TASK STATEMENT: Return nothing but the lines from the one with "GOLDEN HOUR: Textured" through the one with "Vintage Linda Spivey" in the data below, word for word and without pictures.

INFORMATION GIVEN:
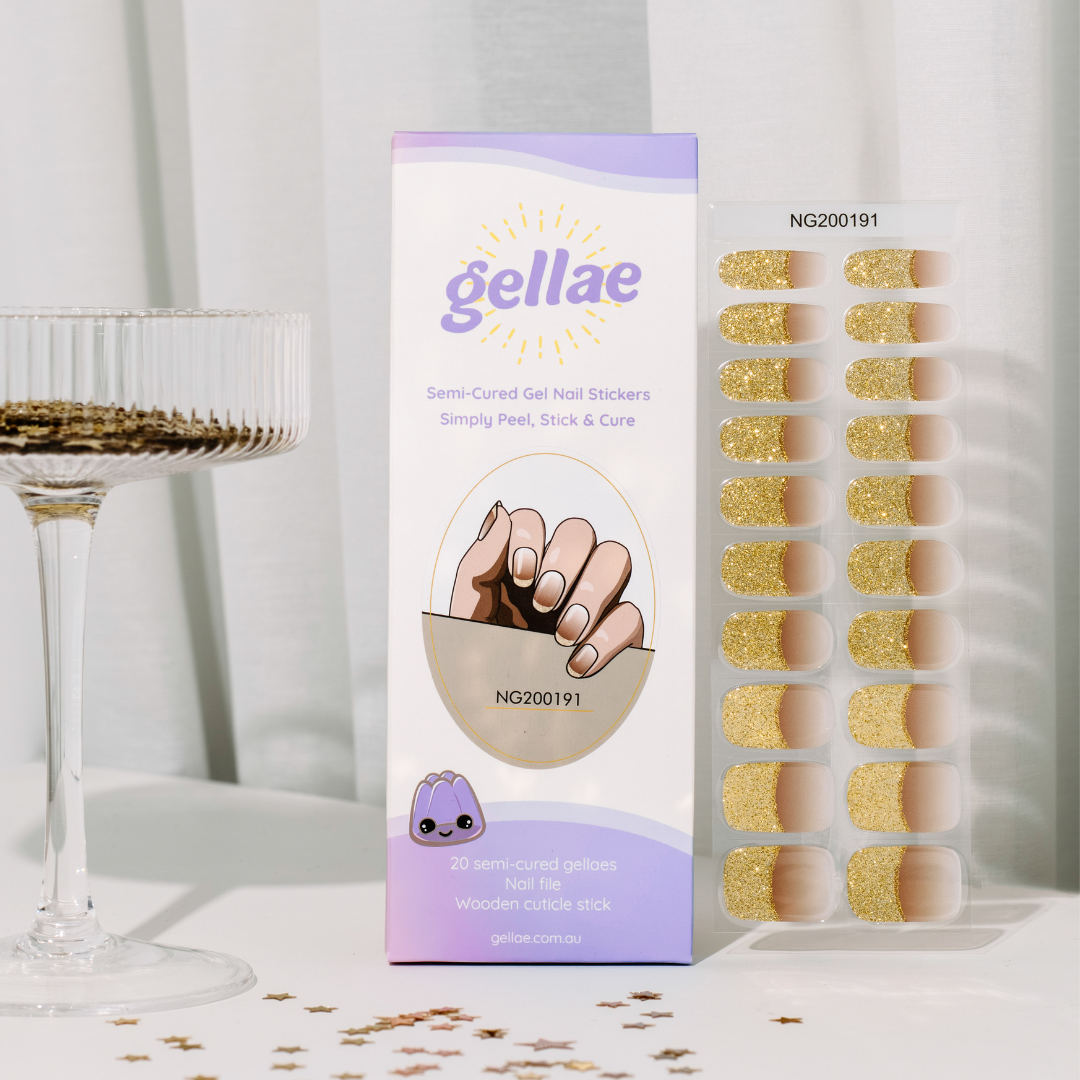 Champagne Gold French Tip DIY Semicured Gel Nail Sticker Kit (LIMITED EDITION)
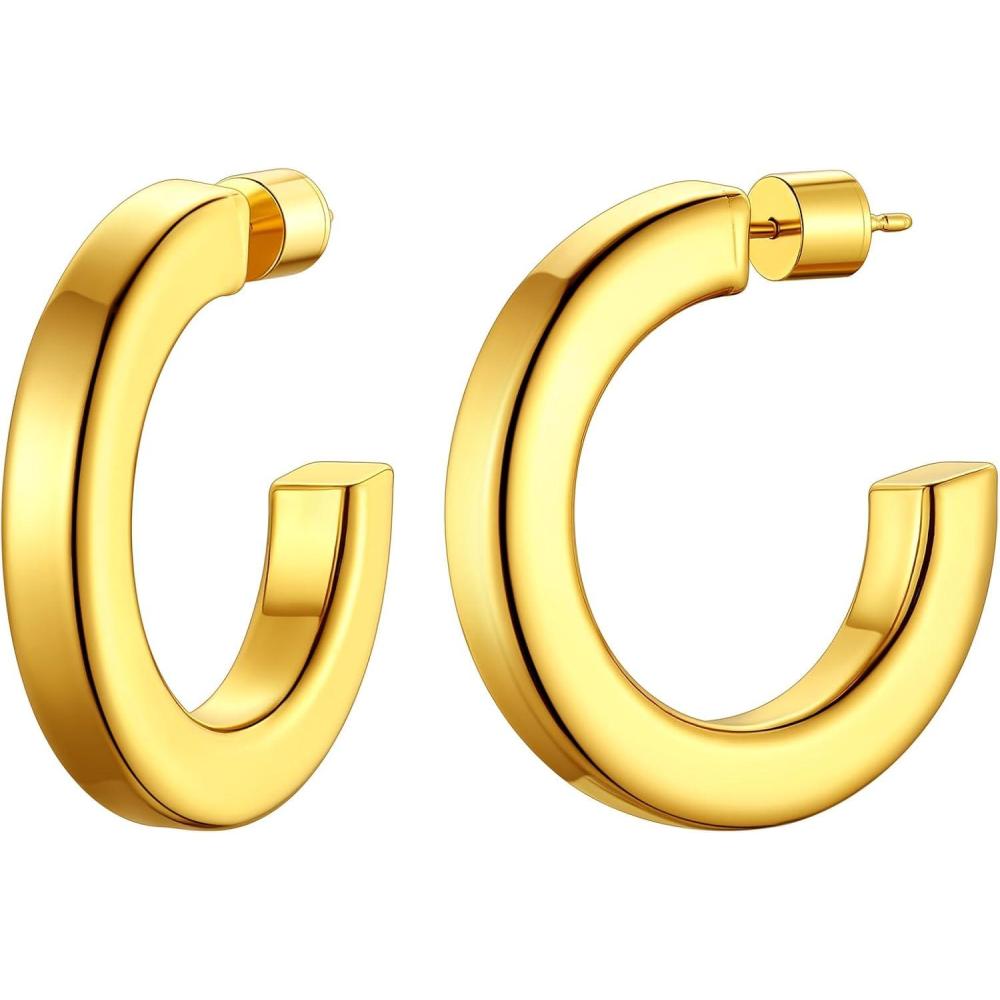 imageChainsHouse 316L Stainless Steel Hoop Earrings for Women 30mm40mm60mm80mm 18K GoldBlack Lightweight Open Hoop Earrings Fits for Sensitive Ears Send Gift BoxC Gold30mm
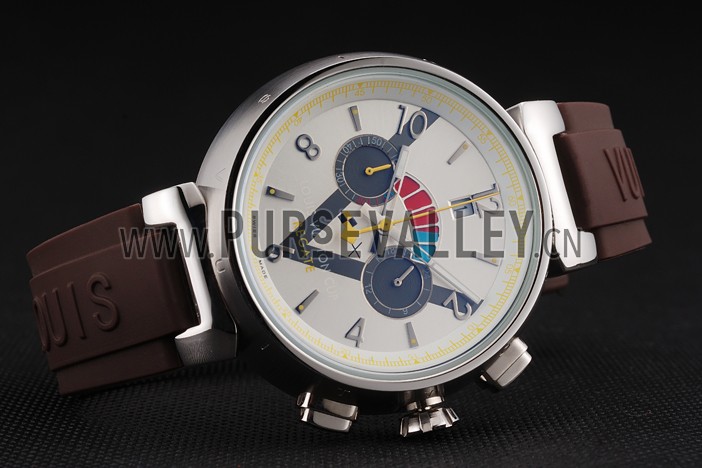 Louis Vuitton Tambour LV Cup Regate White Dial Stainless Steel Case Brown Rubber Strap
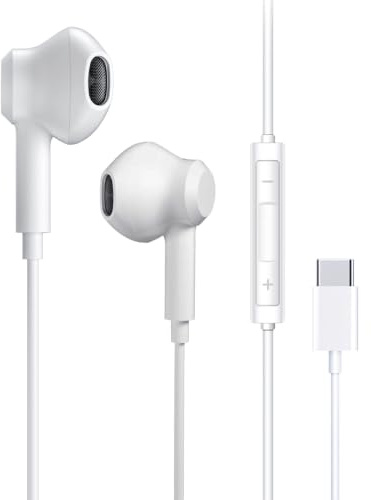 Auriculares USB C, Cascos intrauditivos Tipo C con Micrófono Control | de Volumen y Sonido Puro, Compatible con iPhone 15/16 16 Pro/Samsung S20/S21/Huawei/P20 Pro/30 pro/P40/Google Pixel 3/4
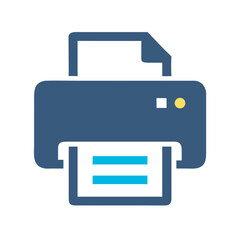 Poster - Flat vector office printer illustration on White Background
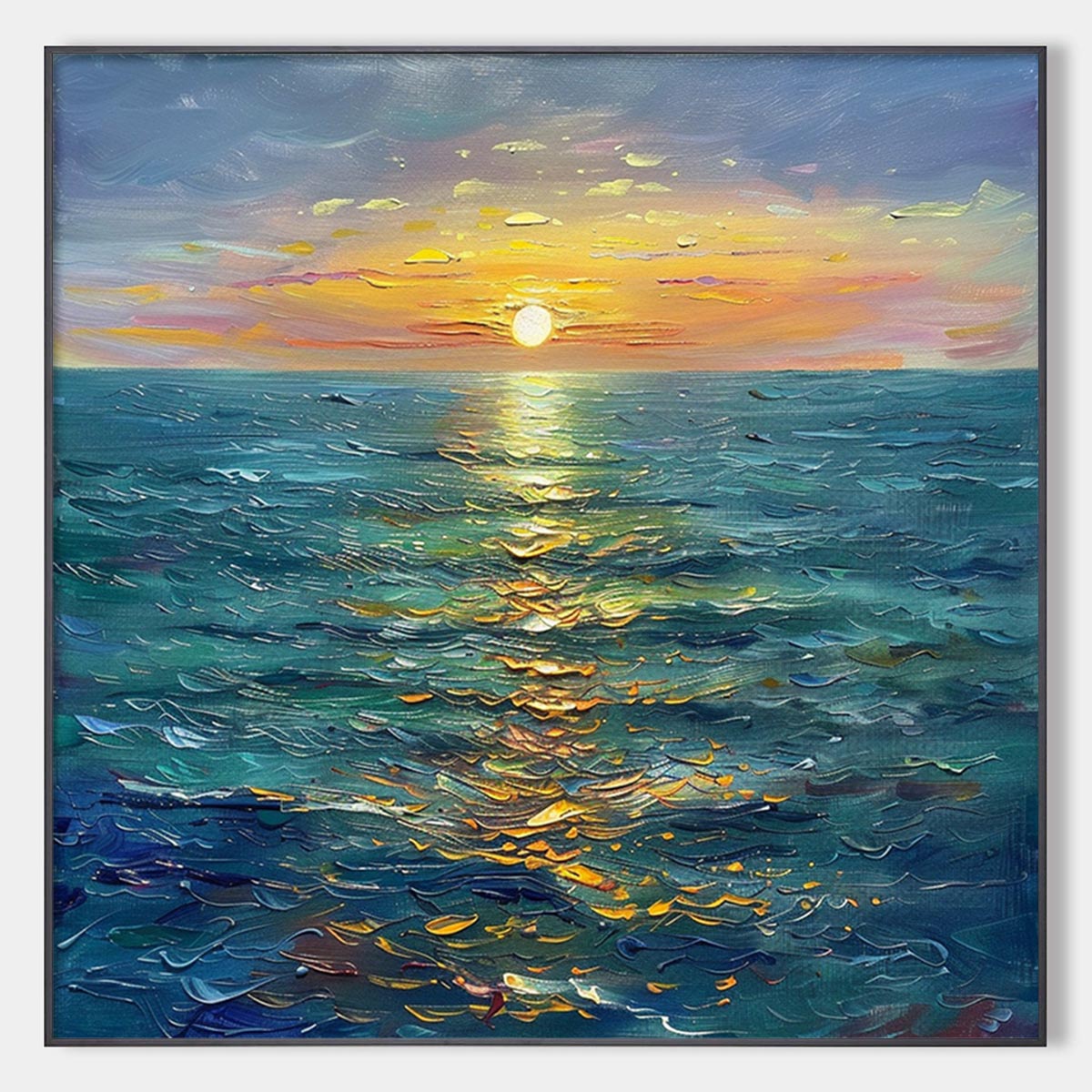 GOLDEN HOUR: Textured Sunset Seascape Oil Painting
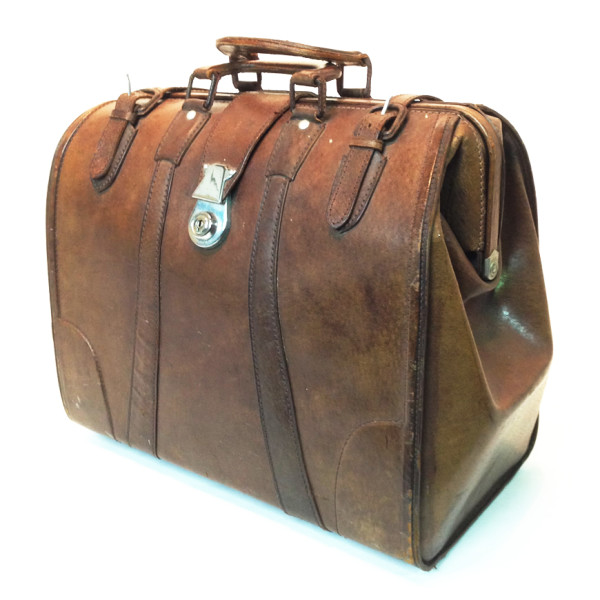 4: Brown Leather Doctors Open Top Case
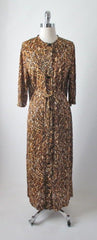 Vintage 60's Fredericks Of Hollywood Jungle Jersey Leopard Robe Dressing Gown S - Bombshell Bettys Vintage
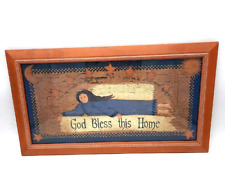 Vintage Linda Spivey 12X22 Framed Folk Art Print God Bless This Home Psalm 91:11 picture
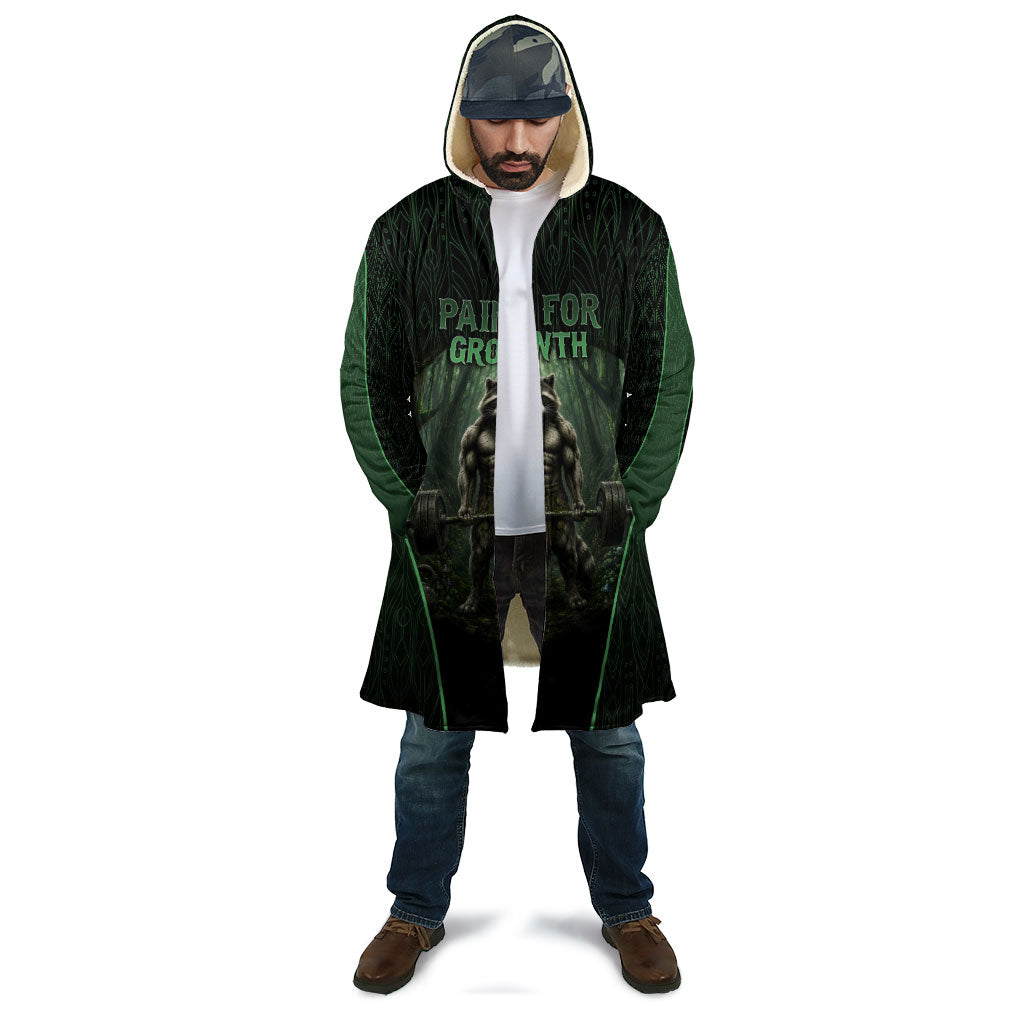 Personalized Muscular Raccoon Weightlifting Cloak Pain For Growth Dark Fantasy Gym Graphic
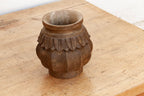Deep Brown Carved Bulbous Marble Vase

ANSWER FOR THIS EXERCISE:
 GOLDEN HOUR: Textured Sunset Seascape Oil Painting
 4: Brown Leather Doctors Open Top Case
 Vintage 60's Fredericks Of Hollywood Jungle Jersey Leopard Robe Dressing Gown S - Bombshell Bettys Vintage
 Vintage Linda Spivey 12X22 Framed Folk Art Print God Bless This Home Psalm 91:11 picture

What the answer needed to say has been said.